Ten things Paul Gross can’t live without
He writes, directs, produces and stars in Hyena Road, a gritty war flick in theatres this month. Here, 10 things the king of CanCon can’t live without
1 | My buck knife
On my family’s ranch in Alberta, it’s important to always carry a knife. The one I have is indestructible—it can open cans and fix fences. I don’t have much use for it in the city, but I keep it around just in case.
2 | My Andean flute
Decades ago, my wife, Martha, and I climbed Huayna Picchu, a mountain overlooking the ruins of Machu Picchu in Peru. At the top, a man serenaded us with this traditional wooden flute, called a quena. Afterward, he gave it to me. It’s a beautiful instrument, though I can’t really play it.
3 | My sealskin dice
Martha brought them back from Iqaluit, where she’d been working. I use them to give myself excuses. I’ll say, “If I can throw a pair of sixes, I don’t have to write anything today.”
4 | My luchador
He’s powerful—just look at him. And he’s got smashing green tights. I got him (and a bunch more) in Cuernavaca, Mexico, where friends took us to a hilariously fun wrestling match. They’re scattered all over the house.
5 | My Bedouin tents
I’ve got two: this one, which is about the size of a hat, and a matching room-size version in my basement, which is great for naps. They’re the real thing, handcrafted in Cairo’s tent-making district.
6 | My compass
To be honest, I’m not sure how to use it. But I love what it symbolizes: no matter what, I’ll always be able to find my way.
7 | My Shakespearean statue
Martha was playing Ophelia at the Citadel in Edmonton, and I happened across this woodcarving in a gallery there. The name of the piece was Ophelia, so I had to buy it.
8 | My Afghan souvenir
It’s the pass I wore during my trip to Kandahar in 2011, where I was part of a media embed with the Canadian Armed Forces. The footage we shot there became the inspiration for Hyena Road.

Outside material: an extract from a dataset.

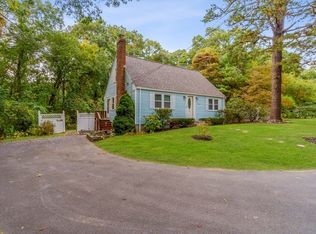 43 Lawrence Rd, Halifax, MA 02338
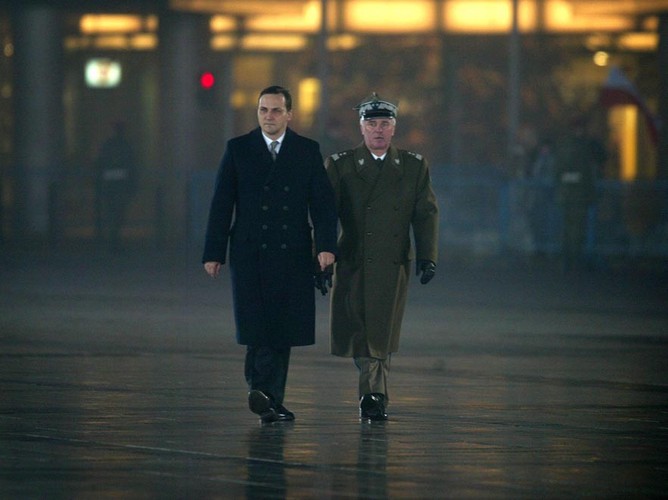 Radosław Sikorski podczas uroczystości przejmowania zwierzchnictwa nad siłami zbrojnymi przez Lecha Kaczyńskiego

It’s a wildly complex, chaotic place—beautiful in some ways, but harsh.
9 | My dad’s spurs
My father gave me this box years ago, but it was only after he died in 2014 that I discovered what was inside: his equestrian spurs, part of his regimental dress as a lieutenant colonel in Lord Strathcona’s Horse, a tank regiment in the Canadian Army. They make me think of him.
10 | My director’s tool
In the ’90s, a director named Patrick Hasburgh gave me a Mark V viewfinder—that’s the lens-type thing directors use to frame scenes. I’d never directed anything, but he said, “I think you might need this one day.” He was right.